DIRECTIONS FOR THIS TASK:
In the entries below, find the line with "Madewell Flannel Zip" and the line with "Chandelier on a"; reproduce those two lines and all lines between them exactly, without pictures.

RECORD SET:
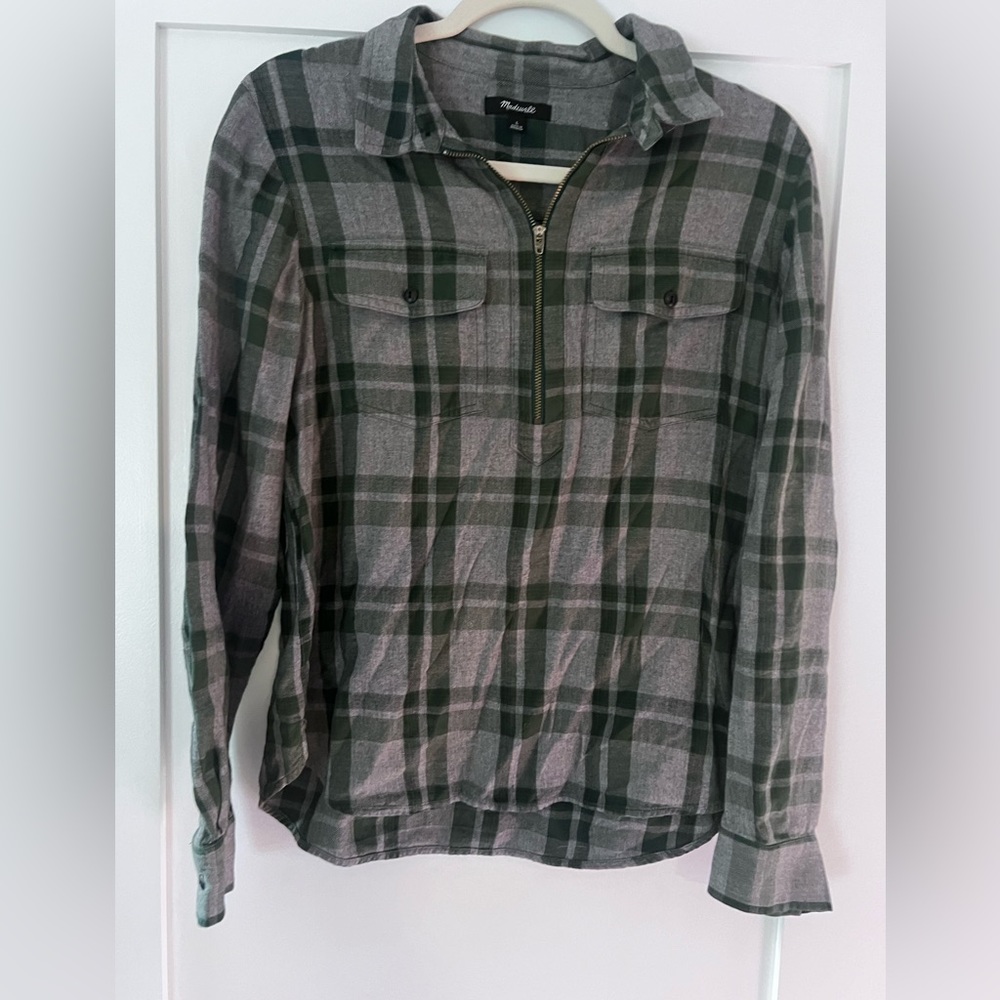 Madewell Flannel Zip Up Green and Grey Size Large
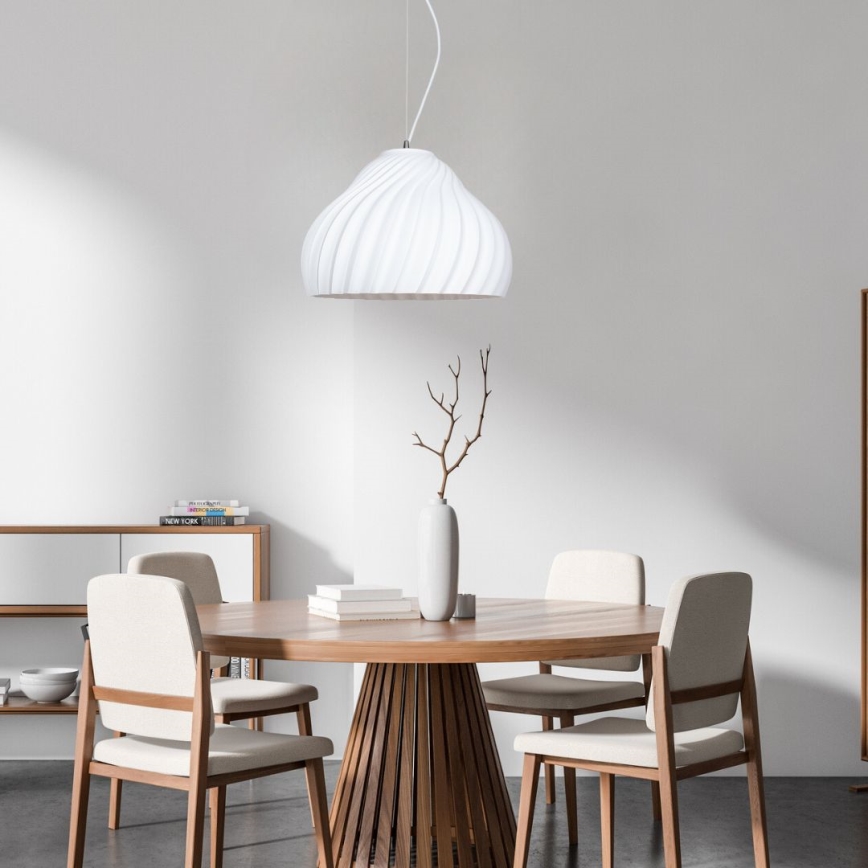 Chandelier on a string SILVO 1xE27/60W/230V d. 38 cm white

--

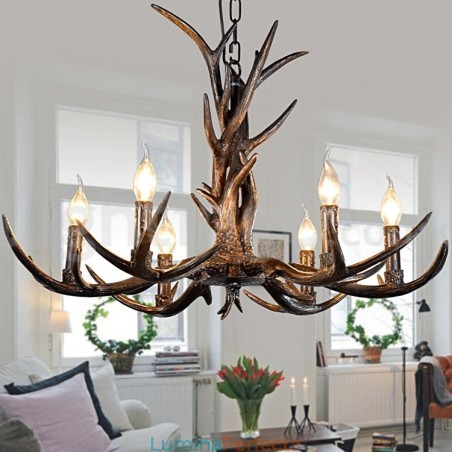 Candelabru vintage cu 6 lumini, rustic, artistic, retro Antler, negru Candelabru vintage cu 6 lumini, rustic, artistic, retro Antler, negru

RESPONSE FOR THIS EXERCISE:
 Madewell Flannel Zip Up Green and Grey Size Large
 Chandelier on a string SILVO 1xE27/60W/230V d. 38 cm white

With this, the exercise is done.